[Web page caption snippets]
┏━━
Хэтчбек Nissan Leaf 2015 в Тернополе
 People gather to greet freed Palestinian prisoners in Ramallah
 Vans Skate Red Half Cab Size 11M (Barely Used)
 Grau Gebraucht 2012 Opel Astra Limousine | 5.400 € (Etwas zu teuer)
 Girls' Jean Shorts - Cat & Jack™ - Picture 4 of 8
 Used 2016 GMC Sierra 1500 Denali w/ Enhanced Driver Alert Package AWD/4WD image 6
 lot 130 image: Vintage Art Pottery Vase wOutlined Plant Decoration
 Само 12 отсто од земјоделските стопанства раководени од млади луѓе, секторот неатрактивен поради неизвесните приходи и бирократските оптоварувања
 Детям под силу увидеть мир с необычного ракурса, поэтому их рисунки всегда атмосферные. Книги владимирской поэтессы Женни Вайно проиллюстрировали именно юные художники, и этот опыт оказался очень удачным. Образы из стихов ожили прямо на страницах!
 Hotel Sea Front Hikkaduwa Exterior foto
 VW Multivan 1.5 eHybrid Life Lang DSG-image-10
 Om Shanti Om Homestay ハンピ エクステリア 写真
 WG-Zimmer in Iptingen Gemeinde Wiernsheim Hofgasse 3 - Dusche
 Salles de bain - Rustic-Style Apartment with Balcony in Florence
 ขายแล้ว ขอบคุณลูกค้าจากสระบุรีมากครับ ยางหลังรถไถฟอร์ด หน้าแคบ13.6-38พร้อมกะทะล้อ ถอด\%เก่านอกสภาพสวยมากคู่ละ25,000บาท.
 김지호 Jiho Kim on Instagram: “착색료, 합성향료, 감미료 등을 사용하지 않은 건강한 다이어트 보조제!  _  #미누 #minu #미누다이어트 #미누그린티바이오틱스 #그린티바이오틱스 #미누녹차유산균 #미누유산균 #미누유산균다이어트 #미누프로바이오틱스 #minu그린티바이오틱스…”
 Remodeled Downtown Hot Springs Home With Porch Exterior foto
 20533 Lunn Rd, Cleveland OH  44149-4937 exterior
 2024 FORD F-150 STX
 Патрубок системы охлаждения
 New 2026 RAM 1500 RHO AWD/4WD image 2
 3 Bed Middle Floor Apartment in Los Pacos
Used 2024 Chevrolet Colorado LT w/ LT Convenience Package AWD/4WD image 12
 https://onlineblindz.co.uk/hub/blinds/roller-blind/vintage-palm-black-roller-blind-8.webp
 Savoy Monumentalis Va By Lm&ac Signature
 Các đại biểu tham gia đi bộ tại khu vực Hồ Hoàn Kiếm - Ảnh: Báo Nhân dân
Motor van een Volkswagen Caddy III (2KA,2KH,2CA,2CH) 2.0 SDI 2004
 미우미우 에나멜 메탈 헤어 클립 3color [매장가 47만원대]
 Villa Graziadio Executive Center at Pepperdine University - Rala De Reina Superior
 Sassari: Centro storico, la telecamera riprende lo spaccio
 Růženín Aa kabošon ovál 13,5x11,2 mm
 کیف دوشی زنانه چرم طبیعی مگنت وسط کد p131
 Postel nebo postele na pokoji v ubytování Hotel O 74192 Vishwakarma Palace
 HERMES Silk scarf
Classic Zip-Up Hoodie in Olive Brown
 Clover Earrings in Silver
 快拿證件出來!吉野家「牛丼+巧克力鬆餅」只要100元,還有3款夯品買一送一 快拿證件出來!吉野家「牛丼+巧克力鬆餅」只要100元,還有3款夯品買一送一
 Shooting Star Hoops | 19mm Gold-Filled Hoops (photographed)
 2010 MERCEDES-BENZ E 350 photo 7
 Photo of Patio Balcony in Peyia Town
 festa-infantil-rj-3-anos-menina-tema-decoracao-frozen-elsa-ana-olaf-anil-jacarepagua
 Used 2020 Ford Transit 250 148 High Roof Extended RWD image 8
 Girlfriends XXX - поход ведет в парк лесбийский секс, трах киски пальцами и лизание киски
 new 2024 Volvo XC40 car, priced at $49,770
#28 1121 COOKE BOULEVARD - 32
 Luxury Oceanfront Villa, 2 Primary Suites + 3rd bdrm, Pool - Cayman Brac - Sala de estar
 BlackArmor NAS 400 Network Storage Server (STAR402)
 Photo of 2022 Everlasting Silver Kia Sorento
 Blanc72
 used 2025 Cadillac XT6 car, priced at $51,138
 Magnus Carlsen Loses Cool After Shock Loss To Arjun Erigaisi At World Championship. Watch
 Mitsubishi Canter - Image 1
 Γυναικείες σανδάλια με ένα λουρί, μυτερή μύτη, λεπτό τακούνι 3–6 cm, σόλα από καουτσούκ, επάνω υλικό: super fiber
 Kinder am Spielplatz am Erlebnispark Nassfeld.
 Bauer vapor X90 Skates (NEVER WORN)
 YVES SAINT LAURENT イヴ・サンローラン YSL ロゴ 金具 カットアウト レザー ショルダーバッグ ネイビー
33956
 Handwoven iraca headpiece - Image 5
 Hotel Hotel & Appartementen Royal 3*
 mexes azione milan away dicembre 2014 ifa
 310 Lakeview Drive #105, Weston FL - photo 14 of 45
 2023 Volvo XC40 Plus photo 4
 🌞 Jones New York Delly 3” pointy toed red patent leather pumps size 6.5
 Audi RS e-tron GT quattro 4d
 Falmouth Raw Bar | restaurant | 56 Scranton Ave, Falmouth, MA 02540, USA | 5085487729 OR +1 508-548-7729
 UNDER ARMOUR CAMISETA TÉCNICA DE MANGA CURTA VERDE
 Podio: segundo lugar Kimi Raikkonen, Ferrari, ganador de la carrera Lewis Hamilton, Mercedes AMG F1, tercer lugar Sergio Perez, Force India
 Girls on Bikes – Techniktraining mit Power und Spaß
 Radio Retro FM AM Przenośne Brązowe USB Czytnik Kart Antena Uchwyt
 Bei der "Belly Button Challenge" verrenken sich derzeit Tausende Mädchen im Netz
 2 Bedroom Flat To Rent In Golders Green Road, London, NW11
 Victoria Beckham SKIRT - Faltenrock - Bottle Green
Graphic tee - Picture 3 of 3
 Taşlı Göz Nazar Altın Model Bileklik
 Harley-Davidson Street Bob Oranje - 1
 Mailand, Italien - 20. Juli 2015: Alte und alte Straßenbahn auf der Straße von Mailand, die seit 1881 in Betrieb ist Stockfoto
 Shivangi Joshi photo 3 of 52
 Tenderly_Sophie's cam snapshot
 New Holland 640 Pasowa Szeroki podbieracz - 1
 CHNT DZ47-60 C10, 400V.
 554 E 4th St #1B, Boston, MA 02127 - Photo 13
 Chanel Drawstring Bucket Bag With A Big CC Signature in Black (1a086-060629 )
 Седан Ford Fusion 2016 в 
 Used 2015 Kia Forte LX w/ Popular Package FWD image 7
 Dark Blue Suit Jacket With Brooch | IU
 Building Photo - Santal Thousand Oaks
┗━━
TASK OBJECTIVE
Using the entries above, repeat only the lines from the one containing "Classic Zip-Up Hoodie in Olive Brown" through the one containing "Γυναικείες σανδάλια με", end lines included.

WRITTEN SOLUTION
Classic Zip-Up Hoodie in Olive Brown
 Clover Earrings in Silver
 快拿證件出來!吉野家「牛丼+巧克力鬆餅」只要100元,還有3款夯品買一送一 快拿證件出來!吉野家「牛丼+巧克力鬆餅」只要100元,還有3款夯品買一送一
 Shooting Star Hoops | 19mm Gold-Filled Hoops (photographed)
 2010 MERCEDES-BENZ E 350 photo 7
 Photo of Patio Balcony in Peyia Town
 festa-infantil-rj-3-anos-menina-tema-decoracao-frozen-elsa-ana-olaf-anil-jacarepagua
 Used 2020 Ford Transit 250 148 High Roof Extended RWD image 8
 Girlfriends XXX - поход ведет в парк лесбийский секс, трах киски пальцами и лизание киски
 new 2024 Volvo XC40 car, priced at $49,770
#28 1121 COOKE BOULEVARD - 32
 Luxury Oceanfront Villa, 2 Primary Suites + 3rd bdrm, Pool - Cayman Brac - Sala de estar
 BlackArmor NAS 400 Network Storage Server (STAR402)
 Photo of 2022 Everlasting Silver Kia Sorento
 Blanc72
 used 2025 Cadillac XT6 car, priced at $51,138
 Magnus Carlsen Loses Cool After Shock Loss To Arjun Erigaisi At World Championship. Watch
 Mitsubishi Canter - Image 1
 Γυναικείες σανδάλια με ένα λουρί, μυτερή μύτη, λεπτό τακούνι 3–6 cm, σόλα από καουτσούκ, επάνω υλικό: super fiber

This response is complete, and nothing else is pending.